Available records section start
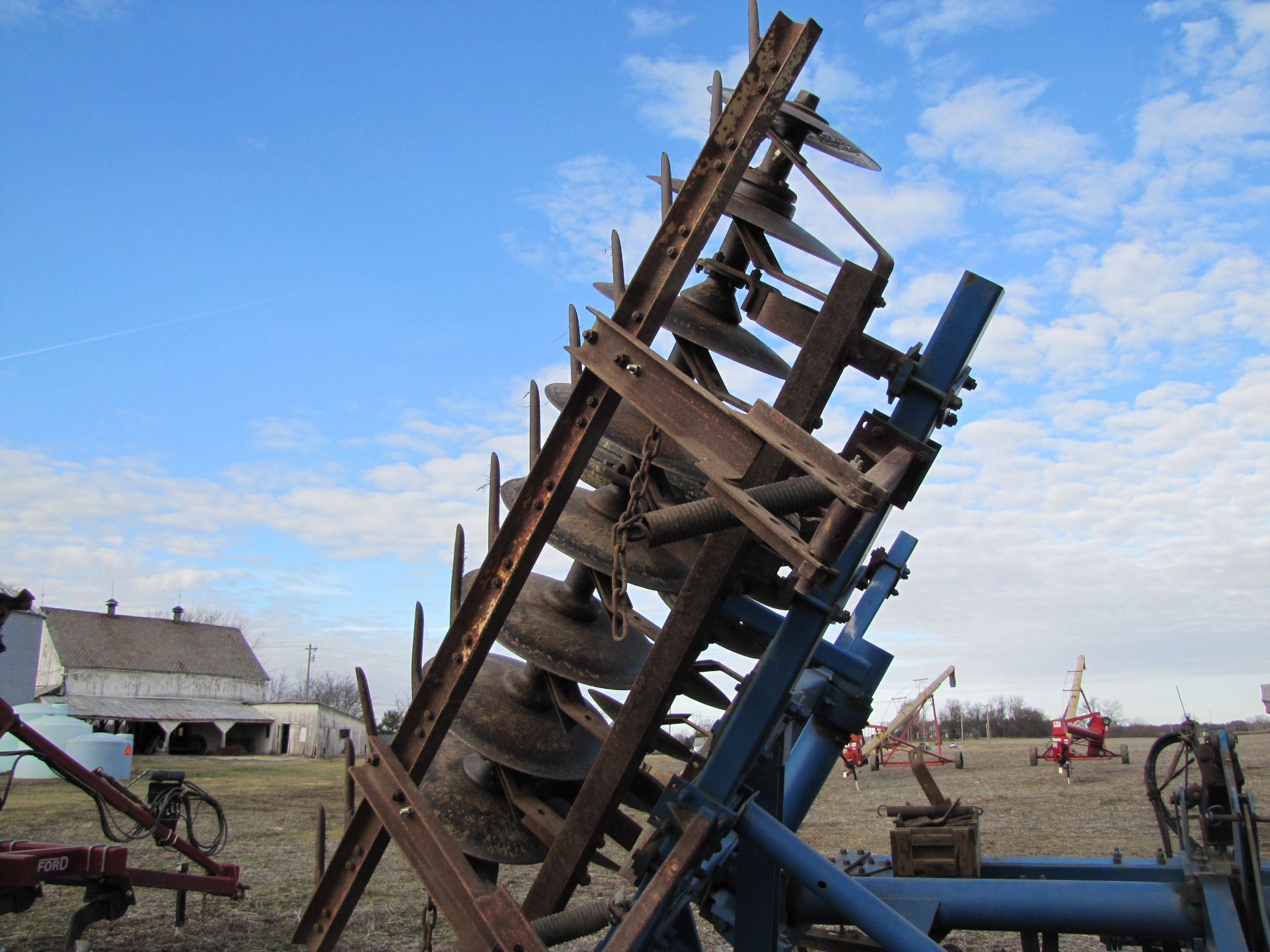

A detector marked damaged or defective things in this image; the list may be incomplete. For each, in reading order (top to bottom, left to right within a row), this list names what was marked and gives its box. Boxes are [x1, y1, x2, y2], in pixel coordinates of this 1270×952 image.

rusty flat bar [292, 11, 818, 949]
rusty steel frame [290, 11, 823, 949]
rusty flat bar [521, 239, 889, 924]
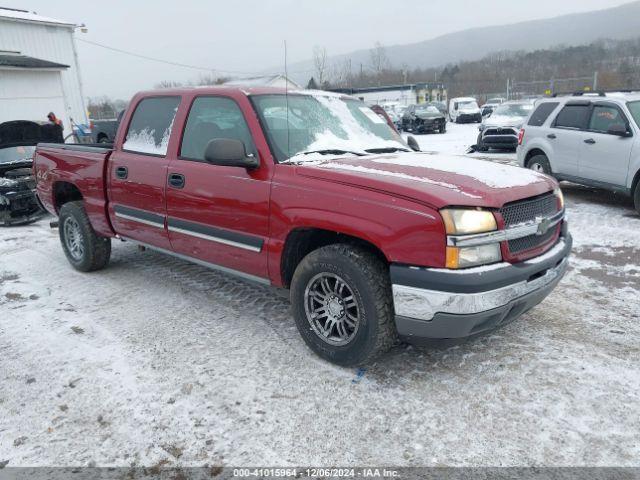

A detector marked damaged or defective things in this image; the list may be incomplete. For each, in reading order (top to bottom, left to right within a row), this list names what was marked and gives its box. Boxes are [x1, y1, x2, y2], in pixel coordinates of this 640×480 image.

damaged dark car [0, 120, 62, 225]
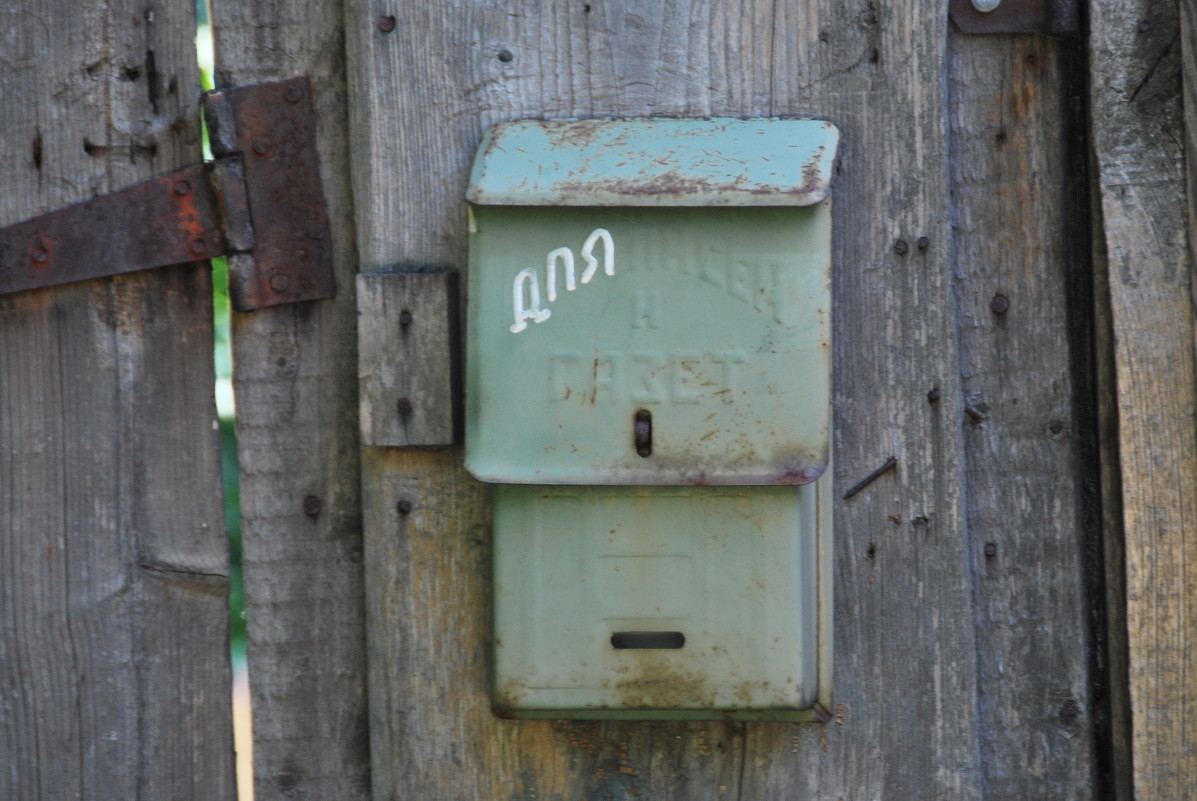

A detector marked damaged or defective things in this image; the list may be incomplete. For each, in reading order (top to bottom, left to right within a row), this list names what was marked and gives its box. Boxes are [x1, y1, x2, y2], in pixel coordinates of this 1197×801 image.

rusty metal hinge [948, 0, 1082, 33]
rusty metal hinge [2, 77, 337, 308]
rusty nail [842, 454, 900, 500]
rusty nail [306, 493, 325, 519]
Available records section end
The material above is to be repeated word for word, with no images kept.

[Response to this task]
A detector marked damaged or defective things in this image; the list may be incomplete. For each, in reading order (top to bottom, left to right within a row), this list names what was marked and gives its box. Boxes are [x1, y1, x2, y2], in pixel coordinates of this 1270×952 image.

rusty flat bar [292, 11, 818, 949]
rusty steel frame [290, 11, 823, 949]
rusty flat bar [521, 239, 889, 924]

A detector marked damaged or defective things in this image; the list may be incomplete. For each, in reading order (top to bottom, left to right within a row), this list names what was marked and gives its box. Boxes are [x1, y1, x2, y2], in pixel coordinates of this 640×480 image.

damaged dark car [0, 120, 62, 225]

A detector marked damaged or defective things in this image; the list may be incomplete. For each, in reading order (top to bottom, left to right within a row), this list names what was marked and gives its box. Boxes are [x1, y1, x2, y2], in pixel coordinates of this 1197×801 image.

rusty metal hinge [948, 0, 1082, 33]
rusty metal hinge [2, 77, 337, 308]
rusty nail [842, 454, 900, 500]
rusty nail [306, 493, 325, 519]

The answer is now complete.